# Backpacking food?



## silversoul (Feb 20, 2013)

Hey, you know the freeze dried stuff you can buy at Gander Mountain? Is that good for prepping?


----------



## bennettvm (Jan 5, 2013)

Agree. Those stores are way too high. You can pick up a dehydrator pretty cheap - $30-$50 and package your own food. Been doing this for a couple years. Works great - jerky and various trail mixes, and they are perfect for when you are out backpacking.


----------



## silversoul (Feb 20, 2013)

Oh cool, thanks!


----------



## Smitty901 (Nov 16, 2012)

Good stuff but you will go broke fast.


----------



## LunaticFringeInc (Nov 20, 2012)

bennettvm said:


> Agree. Those stores are way too high. You can pick up a dehydrator pretty cheap - $30-$50 and package your own food. Been doing this for a couple years. Works great - jerky and various trail mixes, and they are perfect for when you are out backpacking.


yeah what he said!

Personally thats pretty much what I have done. I have dried a good bit of meat a lot of veggies and fruit. It keeps things very light allows you to carry a lot and they are all pretty flexible things to keep for preparing a meal.
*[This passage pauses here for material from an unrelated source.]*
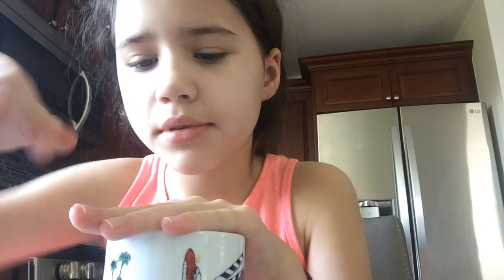Hi, it's me again! I know I haven't recorded in a very long time, but there's been stuff going on. I got coffee with me, and yes I know I'm a kid, but I've been drinking coffee since I was five. Today we are gonna do cooking — making stuff with Sophia. Right now I'm just drinking coffee.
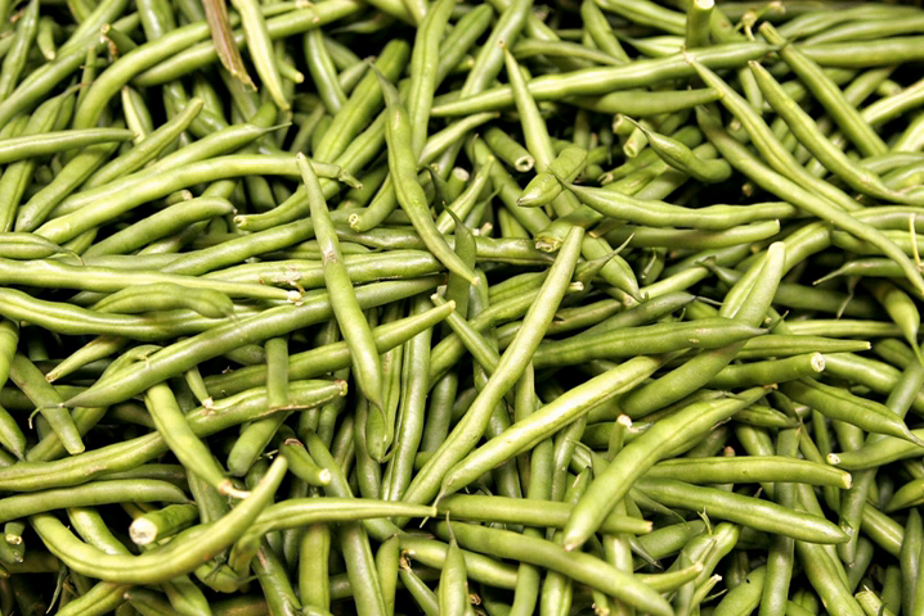A dish with green beans popular throughout the U.S., particularly at Thanksgiving, is green bean casserole — a dish of green beans, cream of mushroom soup, and French fried onions. Some U.S. restaurants serve green beans that are battered and fried, such as green bean tempura. Green beans are also sold dried, or fried with vegetables such as carrots, corn, and peas, as vegetable chips.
The dried fruit and meat make for great snacks on the trail. Score a Rabbit or Squirrel or two for dinner and you can rehydrate the veggies and whip up a decent meal or hardy stew and eat pretty well. I have included a lot of rice in my camping bag as well. Again another very flexible ingrediant that lends itself well to a number of one pan meals. The other aspect of it...its cheap as hell compared to other options.


----------